I’m in the UK for a week and, among other things, I am in search of Royal Wedding tea towels. What’s that, you say? Royal what now?
They do a big business here splashing the faces of royal newlyweds on tea towels, mugs and the rest (the refrigerator is awesome, by the way). Problem is, I haven’t seen even one and not for lack of trying. According to a pre-wedding report, Catherine and William nixed the tea towel as being indecorous and sufficiently lacking in gravitas to bear their images. But of course that did not stop the cottage industries from pumping them out.
They must be selling them under the counter or something.
All of this raises a question. What IS a tea towel anyway? Is it the same as a kitchen towel? What does it have to do with tea? And another question. If we Americans were to put images of newlyweds on towels, whom would they be, given that we don’t have royals? Movie stars or pop stars presumably. But those marriages have a brief shelf life and then so would the towels. Well, that was also true for Charles and Di. Nevertheless, I would have given a pretty penny for a tea towel featuring Julia Roberts and Lyle Lovett.

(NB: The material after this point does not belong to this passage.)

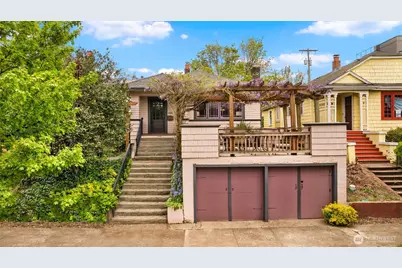 1018 NE 62nd Street, Seattle, WA 98115 - Photo 1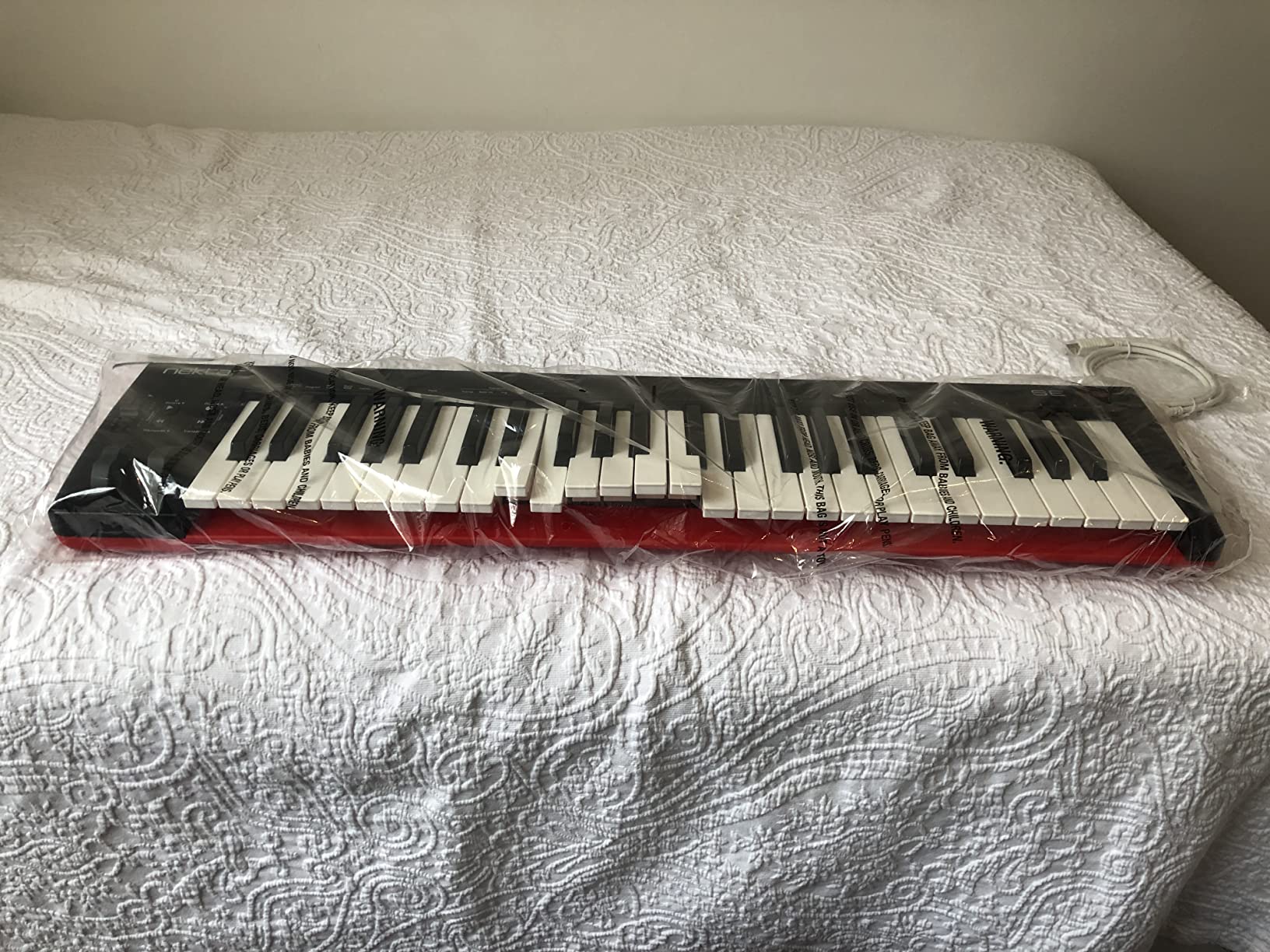 Nektar, 49-Key Midi Controller (SE49),Black white Grey customer photo 1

Sticking people’s attributes on kitsch souvenirs seems to be less of an American thing. Although I wouldn’t swear to that. They do this in Italy a lot, although it’s most often the Pope or the naughty bits of Michelangelo’s David that get the treatment. There have been lots of papal images in evidence lately. The current guy of course. And also his predecessor. The one who was beatified last week. The one 1.5 million people crowded Saint Peter’s Square to see move one step closer to sainthood. Santo Subito (Saint Now!). The one who turned a blind eye and a deaf ear to decades of atrocities by pedophile priests. The one everyone seems to love. That guy. He’s on everything. Mugs, calendars. Maybe even tea towels.